21 juin, 2013 21 juin, 2013   21 juin, 2013 0 commentaire

Matière à réflexion : Bernard Petitjean et Corinne da Costa – Seprem Etudes & Conseil    

Le souhait de limiter les coûts de production et de diffusion des journaux et magazines « physiques », l’essor des tablettes et la montée de la lecture numérique conduisent de plus en plus d’éditeurs de presse à s’intéresser aux kiosques digitaux. Mais l’offre actuelle est encore loin de répondre aux besoins.

Beaucoup d’éditeurs présents sur Internet proposent à leurs lecteurs d’acquérir sur leurs propres sites des versions Pdf de leurs publications, soit au numéro, soit en abonnement.

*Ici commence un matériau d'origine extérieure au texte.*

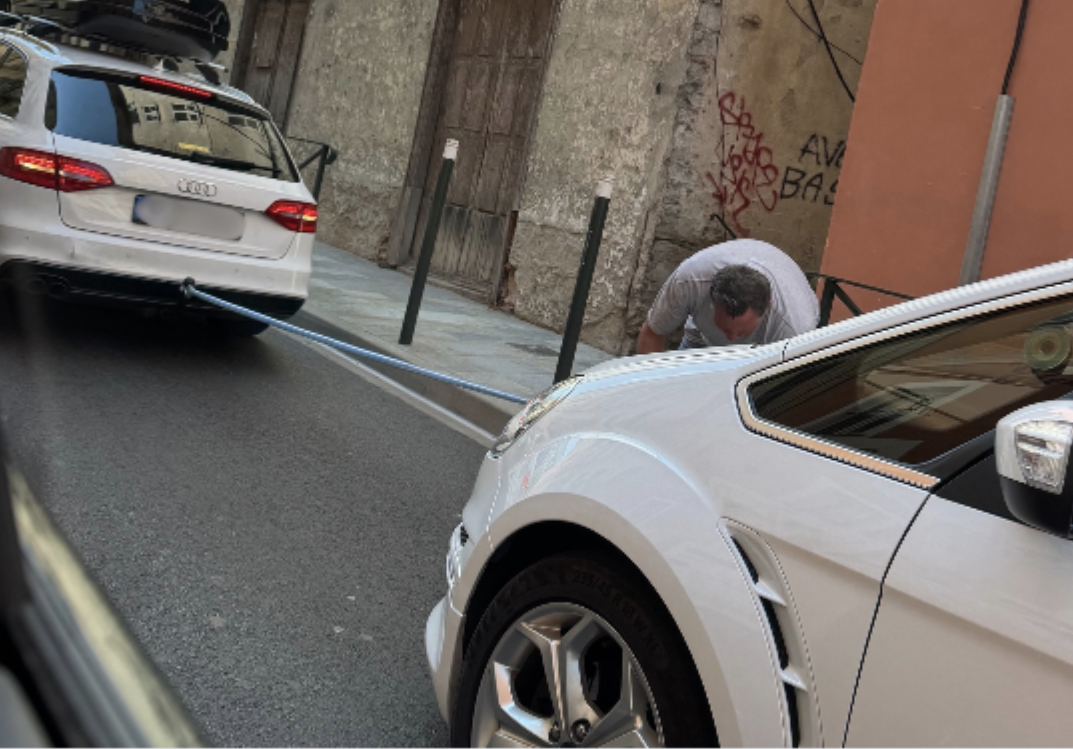 Panne et tractage sur Gaudin… (O.B.-C)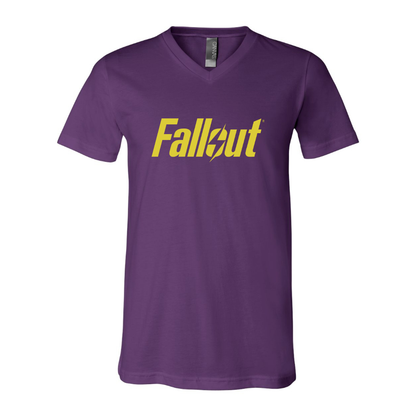 Men's Fallout BELLA + CANVAS - Jersey V-Neck T-Shirt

La démarche est payante puisqu’elle élimine les coûts de production et de diffusion postale des supports physiques, tout en transformant certains acheteurs ponctuels en abonnés, c’est-à-dire en clients fidèles et générateurs de trésorerie.

Cette évolution est cependant plus à classer dans les pratiques de bonne gestion que dans la catégorie des innovations qui sont susceptibles de changer en profondeur les modes d’accès aux journaux et magazines.

En effet, ces offres numériques ne sont susceptibles de séduire que des lecteurs qui sont déjà clients des titres qui les proposent. Elles ne permettent pas de faire découvrir les publications à des non lecteurs potentiellement intéressés, comme le font ces véritables « médias d’offre » que sont les kiosques et points de vente physiques, mais aussi les mailings correctement ciblés, les offres groupées des différents « collecteurs » ou encore l’échantillonnage que permettent les différents circuits de mise en main et de vente par tiers.

Pour espérer séduire des prospects, via Internet, pour leurs éditions numériques, les éditeurs doivent passer par des opérateurs extérieurs tels que l’Apple Store, les acteurs issus de la diffusion physique comme Relay, ou des Pure Players tels que l’américain Zinio. Certes, certains de ces prestataires permettent aux éditeurs de toucher un nombre très important d’internautes ciblés qu’ils ne pourraient contacter directement. Mais ces prestataires suscitent plus de critiques que de compliments : impossibilité d’accéder aux données relatives à ses propres clients, frais techniques et de promotion jugés excessifs et, selon les cas, prix imposés par l’opérateur (Apple Store), vente des magazines obligatoirement en « bouquets » (ex : 10 magazines pour 10 € par mois), clauses d’exclusivité, etc.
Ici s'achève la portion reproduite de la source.